I have a question abou using video with Conv3D.
My input is like [batch_size=128, channels=3, depth=32, height=64, width=64]
Like 32 RGB videos with size 64 * 64

I want to feed this input to resnet3D (3D version of resnet model) and fine tune it.
I am not sure how to feed 32 videos to resnet.
Does it matter to feed the input like:
first case: [batch_size=128, channels=3, depth=32, height=64, width=64]
or
second case: [batch_size=128, channels=3, height=64, width=64, depth=32]

It accepts both of the cases, but I dont know which one is the right way.

If I feed like second case, what will happen? The network will not learn or it will not learn efficiently?

Thank you

As per the documentation for Conv3d, the input shall be passed as [batch_size=128, channels=3, depth=32, height=64, width=64].

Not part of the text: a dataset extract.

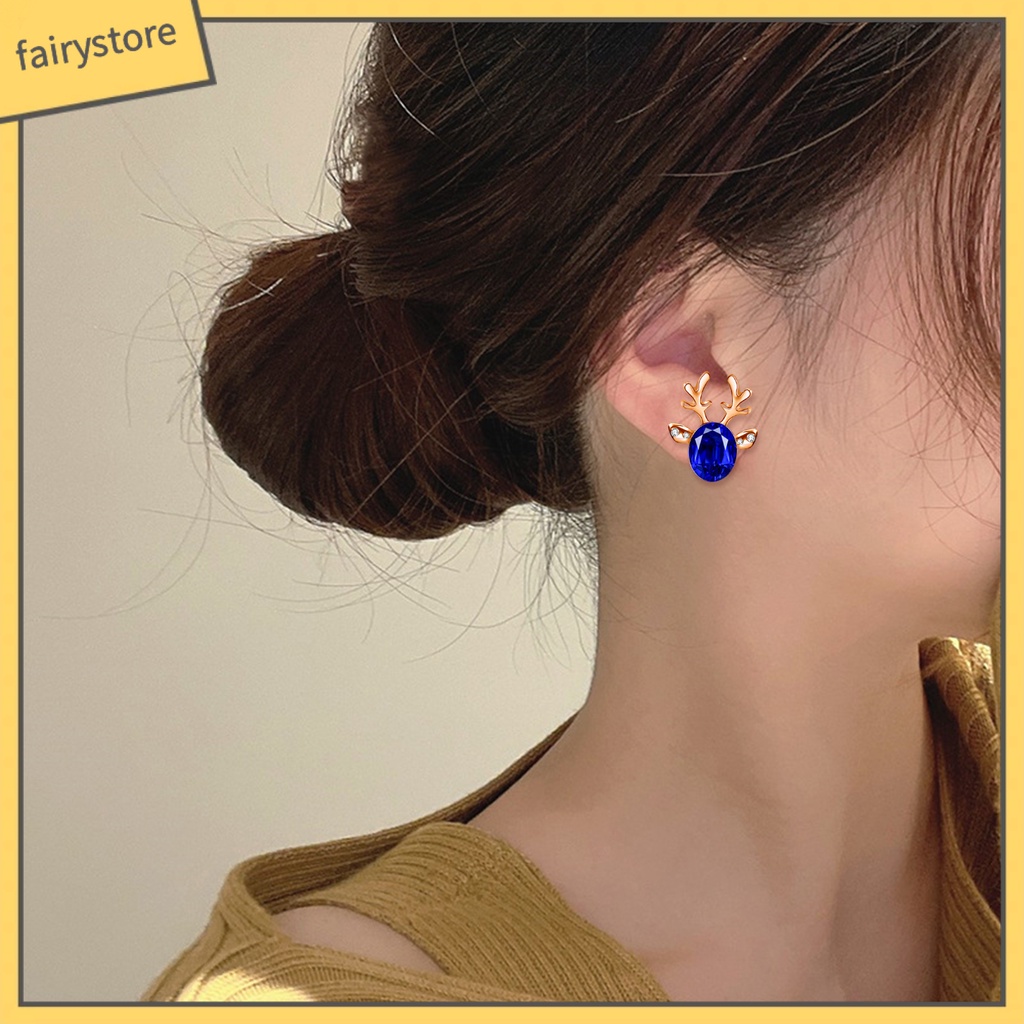 Set 2 Khuyên Tai Hình Tuần Lộc Giáng Sinh Đính Đá Phong Cách Boho Thời Trang Cho Nữ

It might learn something and the effect of this on performance is unknown.
The common understanding might be lost between the design of the network and how the input is organized. It all depends on how you formulate the kernel size I guess. (whether it is designed keeping [batch_size, channel, depth, height, width] or [batch_size, channel, height, width, depth] in mind).

Given that you are using pretrained resnet3D model, it would have been trained with [batch_size, channel, depth, height, width].

Thank you for the reply.
I have another isue related to this issue.

I have a code in keras. I have a problem understanding the “same” padding.
My input shape to this layer is: [128, 2048, 4, 2, 2]
This is my keras code:
combined = Conv3D(128, (3, 3, 3),strides=1, padding=‘same’)(combined)

And I want to do it in pytorch. What I did:
self.conv1 = nn.Conv3d(2048, 128, kernel_size=(3,3,3), stride=1, padding=( 1,1,1))

Are these perform the same?

Yes, in my understanding, they do the same.